COMMENTAIRE(S) # 2 | 21-10-09 À 07:09
Metais | IP: LOGUÉ
Je continue....durant cette époque des années 50 ( Cf les Tontons flingueurs !) existait au moins cette possibilté reconnue de pouvoir régler certains différents à coups de pétard ( et de se retrouver parfois ainsi dos au mur face à un peloton d'éxécution ou la tête séparée mécaniquement du corps ) , on en a sans doute abusé , si bien que depuis on n'ose plus tuer ( on écarte de sa vue , on enferme dans des ghettos comme la misére dans les banlieues...). Je ne suis pas naturellement violent mais concernant la direction du pays ou certains valeurs , cette tradition avait "du bon" et pouvait servir de garde-fou en évitant au pays de se retrouver par exemple avec un Galigula à sa tête. Halimi , c'est secondaire , d'autant malheureusement que cette petite femme était courageuse et que l'on n'était pas toujours irréprochable ( comme ces viols de poseuses de bombe par des tortionnaires de bas étage !)....mais je pense surtout à Sarkosy qui aprés avoir placé ses larbins , sa famille et ceux de sa race dans tous les rouages du pays , bridé le Parlement , liquidé les Juges d'Instruction , mis la main directement ou indirectement sur les médias , aligné la France sur les USA et Israél , violé le vote populaire à Lisbonne , est entrain maintenant , aprés avoir coupé les vivres des Régions et des Départements , de se concocter - dans l'indifférence générale - une loi électorale sur mesure ! Avant que ce ( rubi)con , qui se croit tout permis , revienne à la charge avec la Shoah ou d'autres saloperies youpines ou qu'il déclare la guerre à l'Iran ou au Pakistan , je pense franchement qu'on devrait envisager de le placer sur orbite...

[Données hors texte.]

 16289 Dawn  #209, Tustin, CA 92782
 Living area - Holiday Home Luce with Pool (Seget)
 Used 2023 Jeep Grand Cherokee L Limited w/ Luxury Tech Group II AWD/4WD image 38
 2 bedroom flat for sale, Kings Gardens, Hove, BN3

COMMENTAIRE(S) # 3 | 21-10-09 À 07:19
Metais | IP: LOGUÉ
Ca n'a rien à voir avec Mme Halimi mais pour illustrer ce que je disais à propos de cette clique Sarko , voilà comment cela se passe désormais dans les médias "d'Etat" :


Jean Sarkozy aurait préparé son interview sur France 3
Créé le 21.10.09 ( 20 Minutes)

Mardi 13 octobre, en pleine polémique sur sa candidature à la présidence de l’Epad, Jean Sarkozy est sur le plateau de France 3 Ile-de-France. D’après Le Canard Enchaîné, «toutes les chaînes du pays avaient quémandé une interview du prince Jean» et, que pour l’obtenir, France 3 aurait du se plier aux exigences de l’équipe du fils du Président de la République.

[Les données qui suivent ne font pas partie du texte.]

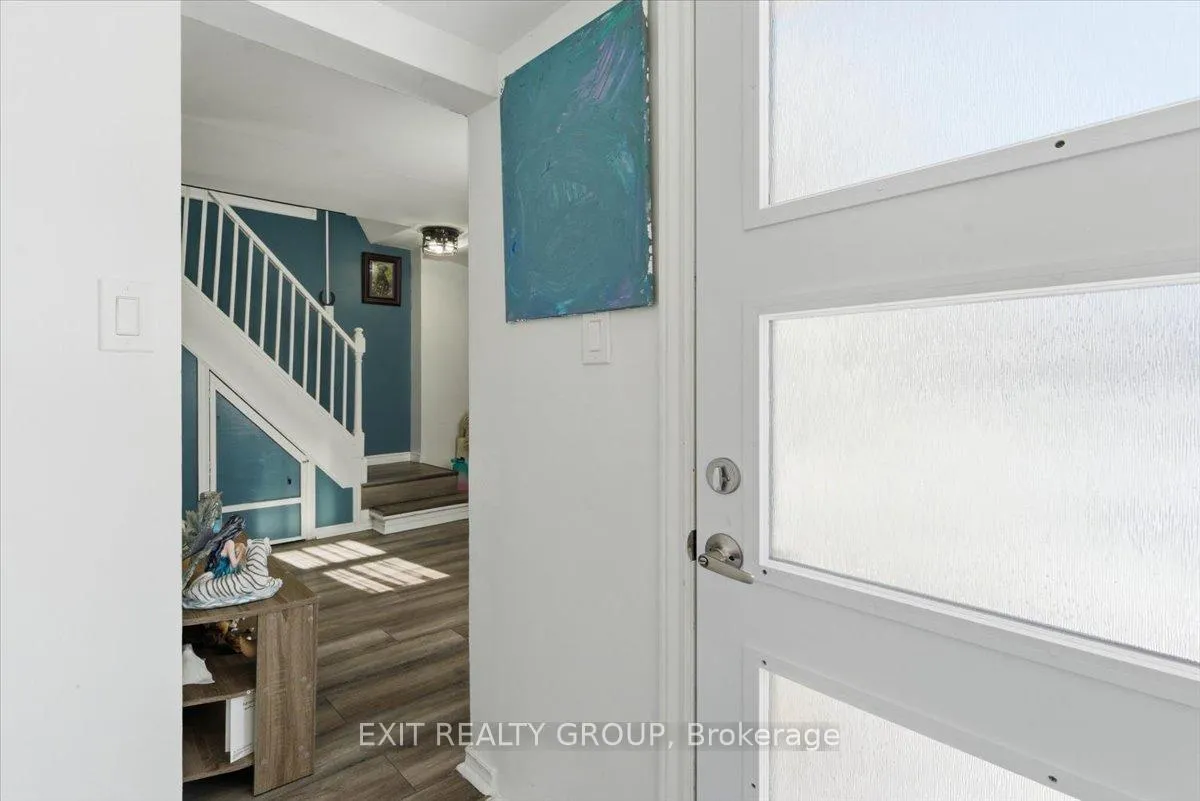 Photo 24 of 22166 Loyalist Parkway, Quinte West, Murray Ward — HOMEH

Des exigences que liste le journal satirique: une préparation des questions au préalable, pas de relance sur les questions ni de reportage au milieu de l’interview avec la réaction des députés UMP à l’Assemblée nationale.

Démenti

La rédaction de France 3 Ile-de-France, contactée par 20minutes.fr, dément tout «traitement de faveur» et tout «exigence particulière» de la part de Jean Sarkozy.

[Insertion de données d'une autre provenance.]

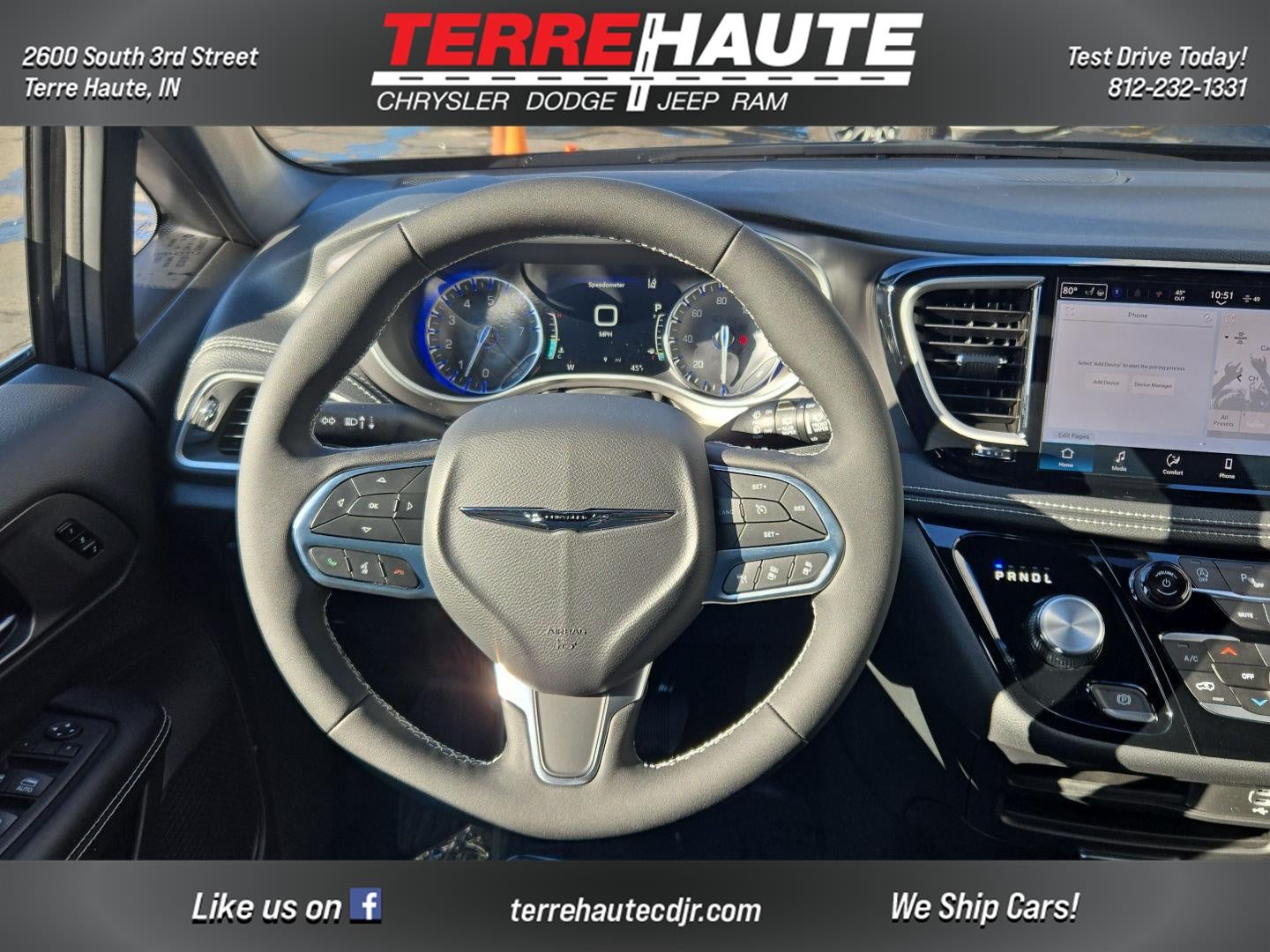 2026 Chrysler Pacifica Select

Le journaliste de France 3 qui a interviewé Jean Sarkozy, Jean-Jacques Cros, a assuré n’avoir communiqué à son invité aucune de ses questions à l'avance, mais confirme que Jean Sarkozy a interdit qu'on le filme en coulisses, menaçant de partir. Le fils du président n’a pas oublié la vidéo off qui avait circulé sur son père, alors que celui-ci parlait hors antenne, avant une interview en plateau sur France 3, le 30 juin 2008.